# Naive Models

This notebook can be used to test the performance of some simple models that only use the features at time $t$ to predict the response at time $t$ and ignore any information contained in the past. The models we tried first applied some feature reduction using principal component analysis or partial least squares with respect to the response. On the new features we then trained classifiers to predict whether the response is positive or negative. The classifiers we tried are gradient-boosted decision trees and support vector machines with a Gaussian kernel.

The random forest seems highly overfit and the linear model highly underfit...

If one prevents temporal data-leakage by choosing test and training sets consisting of different days, the best results seem be an F1 score of about 57%, with the recall being much higher than the precision (in fact the precision is generally terrible around 52%).

In [None]:
%%capture
%pip install datatable

import os

import numpy as np

import datatable as dt
import pandas as pd

from sklearn.cross_decomposition import PLSRegression
# from sklearn.decomposition import PCA
from sklearn.impute import SimpleImputer
# from sklearn.kernel_approximation import Nystroem
# from sklearn.linear_model import SGDClassifier
from sklearn.metrics import confusion_matrix, f1_score, precision_score, recall_score
# from sklearn.model_selection import train_test_split
from sklearn.preprocessing import StandardScaler

from xgboost import XGBClassifier

Load the data.

In [None]:
# location of data files
comp_folder = os.path.join(os.pardir, "input", "jane-street-market-prediction")

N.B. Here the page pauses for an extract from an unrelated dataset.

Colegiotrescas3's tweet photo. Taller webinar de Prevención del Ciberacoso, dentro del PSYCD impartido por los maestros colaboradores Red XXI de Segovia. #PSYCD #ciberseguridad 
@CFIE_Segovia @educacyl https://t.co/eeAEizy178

# read the data with datatables, then convert to pandas (faster)
df = dt.fread(os.path.join(comp_folder, "train.csv")).to_pandas()
df.set_index("ts_id", inplace=True)

# reduce memory usage
df = df.astype({c: np.float32 for c in df.select_dtypes(include="float64").columns})

# split into training and test sets
# train_df, test_df = train_test_split(df, test_size=0.2, random_state=42)

# split by date, to reduce temporal correlations between training/test
train_df = df[df["date"] < 350]
test_df = df[df["date"] >= 400]

# split into features and target
feat_cols = [c for c in train_df.columns if "feature" in c]
train_X = train_df[feat_cols]
test_X = test_df[feat_cols]
train_y = train_df["resp"]
test_y = test_df["resp"]
train_weights = train_df["weight"]
test_weights = test_df["weight"]

Train a model.

In [None]:
# z-score the targets
train_y = train_y / train_y.std()

# targets as classification problem
train_y_pos = train_y.gt(0).astype(int)

# replace missing values by median
imp = SimpleImputer(strategy="median")
flow = imp.fit_transform(train_X)

# z-score the features
ss = StandardScaler()
flow = ss.fit_transform(flow)

# rotate features onto directions that cause maximal
# variance in the response
pls = PLSRegression(n_components=60) # 40 PCA components carry 95% variance
pls.fit(flow, train_y)
flow = pls.transform(flow)

# pca = PCA(n_components=50)
# flow = pca.fit_transform(flow)

# train an ensemble of gradient boosted
# decision trees on the new features
clf = XGBClassifier(
    n_estimators=200,
    max_depth=11,
    learning_rate=0.05,
    subsample=0.9,
    colsample_bytree=0.7,
    random_state=42,
    tree_method="gpu_hist"
)
clf.fit(flow, train_y_pos)
pred = clf.predict(flow)

# transform the features with and approximate
# RBF kernel
# ker = Nystroem(kernel="rbf", n_components=300, random_state=42)
# flow = ker.fit_transform(flow)

# re-z-score the features
# ss2 = StandardScaler()
# flow = ss2.fit_transform(flow)

# fit a linear classifier
# svc = SGDClassifier(loss="log", random_state=42)
# svc.fit(flow, train_y_pos)
# pred = svc.predict(flow)

# metric on training data
print("TRAINING SET:")
print(f"Confusion matrix:")
print(confusion_matrix(train_y_pos, pred))
print(f"Precision: {precision_score(train_y_pos, pred)}")
print(f"Recall: {recall_score(train_y_pos, pred)}")
print(f"F1: {f1_score(train_y_pos, pred)}")

Evaluate on test set.

In [None]:
flow = imp.transform(test_X)
flow = ss.transform(flow)
flow = pls.transform(flow)
# flow = pca.transform(flow)
pred = clf.predict(flow)
# flow = ker.transform(flow)
# flow = ss2.transform(flow)
# pred = svc.predict(flow)

test_y_pos = test_y.gt(0).astype(int)

print("TEST SET:")
print(f"Confusion matrix:")
print(confusion_matrix(test_y_pos, pred))
print(f"Precision: {precision_score(test_y_pos, pred)}")
print(f"Recall: {recall_score(test_y_pos, pred)}")
print(f"F1: {f1_score(test_y_pos, pred)}")